Walking through the streets of Merina was starkly different without all the people out, but she followed the winding, long path back to her apartment on the inner edge of the unofficial Eliksni section of the city.

At first she'd lived there because it was the only area that she could find a place that wouldn't give her a hard time. After receiving her official commission and then (later) her title, she'd stayed because she preferred living among the families of her House, her crew. She wasn't just another Awoken lording over them but one of them, an outcast who had proven herself, and it let them know that she remembered those who had helped her when she'd needed it and didn't forget where she'd started.

…It also kept the crime down, knowing there was a Lightbearer just waiting for someone to make a wrong step in what was ostensibly her territory.

She'd never understood why she felt so at home like that, so comfortable among the disadvantaged, why she felt so strongly about staying with them, but now she remembered her time as a warlord, with her gang, her people.

She was so different and yet not from Taylor.

The area looked nicer now than it had twenty years ago when it had been practically a ghetto. Partly due to her own efforts in getting support for the area and partly thanks to her Queen telling her to do as she wished with it.

She had a feeling her Queen knew just how grateful she was for that, even if Weaver had only thanked her once.

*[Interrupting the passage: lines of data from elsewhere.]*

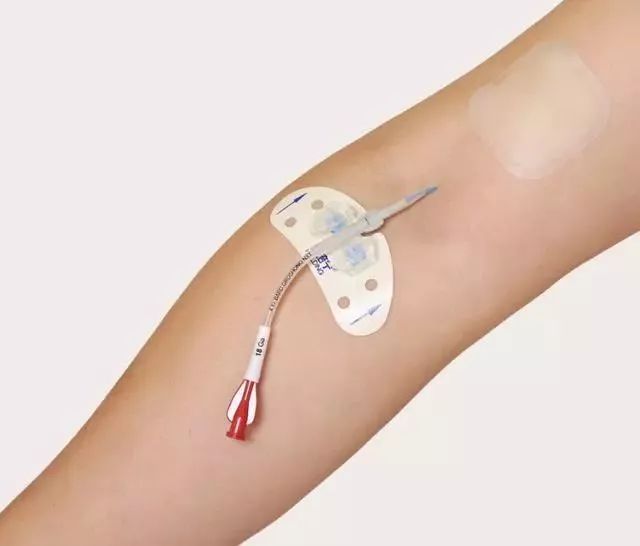 picc置管后我该如何维护,picc置管术后期维护要多少钱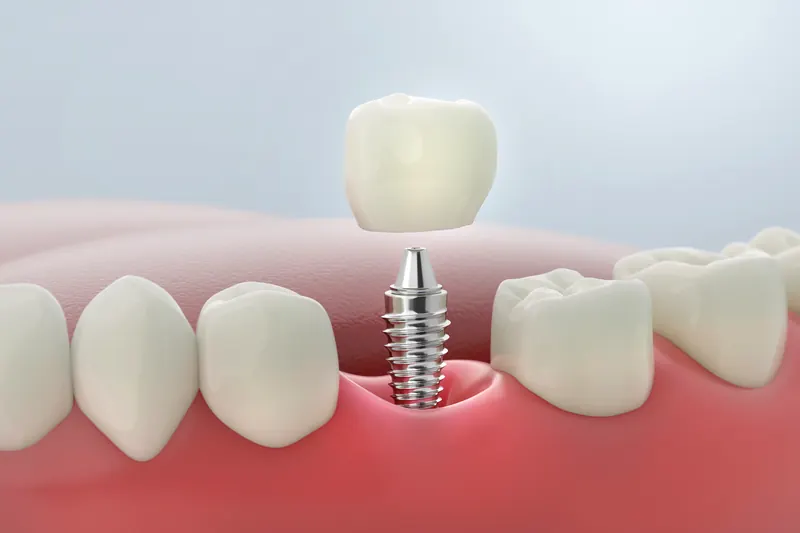 Titanium dental implant and porcelain crown replacing one missing tooth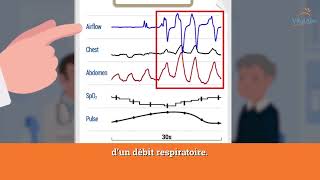 Polygraphie bien comprendre les résultats de mon examen du sommeil [upl. by Neehsuan]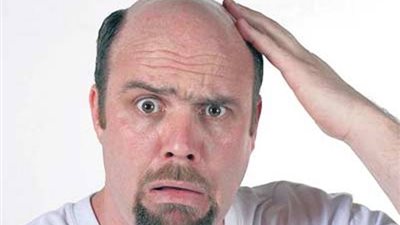 6 طرق تساعد على علاج الصلع الوراثي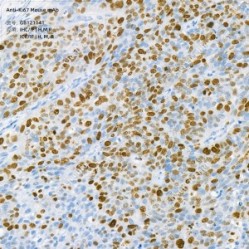 Anti-Ki67 Mouse mAb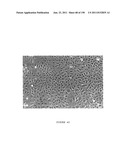 METHODS AND COMPOSITIONS FOR THE REPAIR AND/OR REGENERATION OF DAMAGED     MYOCARDIUM diagram and image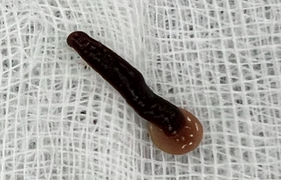 Đỉa sống trong mũi khiến người đàn ông khó thở, chảy máu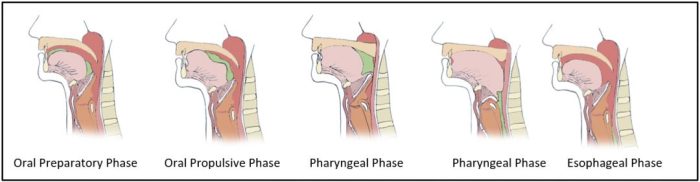 Risk aspiration ncp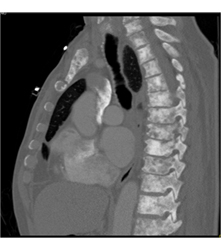 Wide Spread Bone Metastases From Prostate Cancer - CTisus CT Scan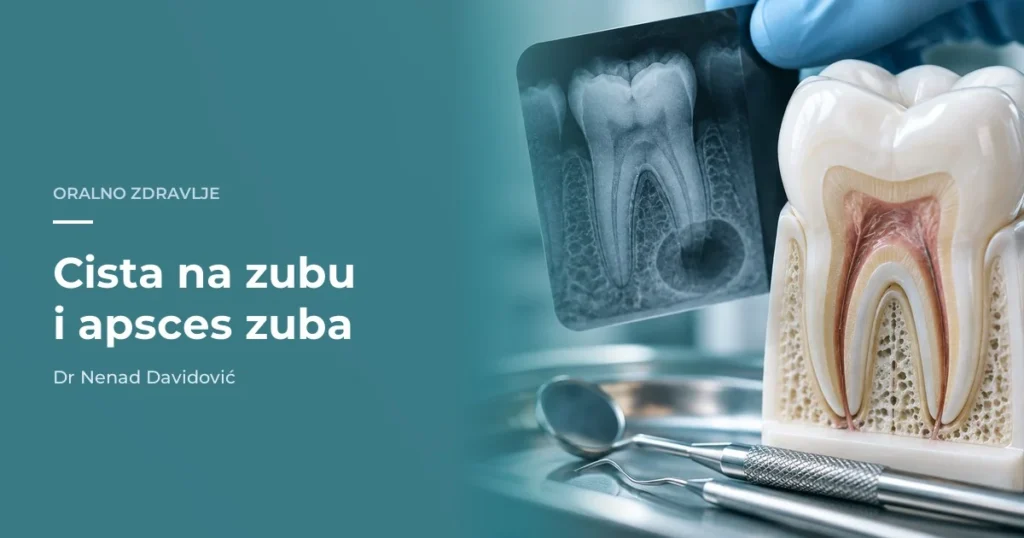 Cista na zubu i apsces zuba - dijagnostika i liječenje kod stomatologa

The Risen woman walked up the curving stairs to the second floor of her building, the substantially nicer apartment she had now a far cry from what she'd first had.

The door was silent as it slid open and then closed behind her, and Weaver dismissed her boots with a thought as she stepped past the foyer.

Not bothering to turn on the lights, she navigated through dark towards her bedroom, through the archways in the walls that were in place of any doors. She hadn't seen the point.

With another thought her armor and uniform disappeared leaving her in her underwear, the Light construct around her head remaining in consideration for the people who lived in the apartments around her.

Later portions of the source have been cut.